Non si salva neppure Israele, identificato come altra fonte di vittimismo e masochismo, in quanto «solo gli ebrei hanno raggiunto quell'estremo declino sociale a cui tendono oggi tutte le società civili, il quale non è altro che il logico sviluppo dei principi masochistici della loro vita morale». E siamo appena un decennio prima dell'apertura dei primi lager nazisti.

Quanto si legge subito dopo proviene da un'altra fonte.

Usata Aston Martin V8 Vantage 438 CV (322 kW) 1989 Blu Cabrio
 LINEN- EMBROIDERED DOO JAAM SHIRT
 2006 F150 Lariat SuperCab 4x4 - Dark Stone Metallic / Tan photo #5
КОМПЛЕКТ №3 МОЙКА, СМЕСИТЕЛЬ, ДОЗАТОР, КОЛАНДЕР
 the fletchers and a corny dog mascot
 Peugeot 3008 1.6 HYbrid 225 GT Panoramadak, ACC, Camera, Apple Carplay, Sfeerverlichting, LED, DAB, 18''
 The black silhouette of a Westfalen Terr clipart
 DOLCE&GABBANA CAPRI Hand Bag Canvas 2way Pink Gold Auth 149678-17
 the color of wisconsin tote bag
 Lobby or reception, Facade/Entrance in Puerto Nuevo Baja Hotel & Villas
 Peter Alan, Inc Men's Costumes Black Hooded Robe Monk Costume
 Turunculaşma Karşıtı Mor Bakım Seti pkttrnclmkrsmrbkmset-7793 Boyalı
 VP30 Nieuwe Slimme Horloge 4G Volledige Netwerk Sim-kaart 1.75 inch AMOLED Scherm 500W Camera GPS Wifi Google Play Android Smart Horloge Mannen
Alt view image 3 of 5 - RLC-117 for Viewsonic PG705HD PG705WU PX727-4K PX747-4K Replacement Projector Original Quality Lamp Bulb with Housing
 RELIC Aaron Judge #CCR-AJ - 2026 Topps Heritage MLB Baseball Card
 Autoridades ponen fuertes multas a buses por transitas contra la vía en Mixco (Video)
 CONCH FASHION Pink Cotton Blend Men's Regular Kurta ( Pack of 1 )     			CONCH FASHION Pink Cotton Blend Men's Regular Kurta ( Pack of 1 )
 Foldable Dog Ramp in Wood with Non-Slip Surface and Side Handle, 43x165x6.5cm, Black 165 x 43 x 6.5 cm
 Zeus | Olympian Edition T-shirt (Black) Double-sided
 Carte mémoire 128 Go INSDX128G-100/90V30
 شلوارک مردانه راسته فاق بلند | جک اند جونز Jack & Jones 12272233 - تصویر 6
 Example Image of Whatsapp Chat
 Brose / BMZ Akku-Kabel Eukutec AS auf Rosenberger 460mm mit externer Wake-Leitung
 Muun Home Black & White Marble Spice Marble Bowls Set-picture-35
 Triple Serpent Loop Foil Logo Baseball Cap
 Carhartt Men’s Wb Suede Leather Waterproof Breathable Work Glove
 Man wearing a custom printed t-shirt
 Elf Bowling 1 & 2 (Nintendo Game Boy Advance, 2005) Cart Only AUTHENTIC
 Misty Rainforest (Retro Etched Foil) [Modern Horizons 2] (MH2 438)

Viene portato all'estremo perfino Darwin: «Distruzione, nulla, ecco cos'è questo scorrere inesauribile delle creature; sofferenze, inutili crudeltà, ecco cosa sono questa diversità delle forme, questo lento, faticoso, illogico, assurdo adattarsi delle creature nell'evoluzione». Tornando di nuovo a puntare il dito sulla donna, perché «l'uomo ne è schiavo, si arrende, rotola ai suoi piedi, abdica passivamente, subisce». Di nuovo, a reggere tutto, c'è il masochismo, l'incontro insensato tra i sessi predisposti a fraintendersi: «ecco perché l'esistenza è stupida, insulsa, futile, e non ha ragione di essere». Un romanzo che qualcuno, di questi tempi, potrebbe voler metter all'indice, quindi un capolavoro.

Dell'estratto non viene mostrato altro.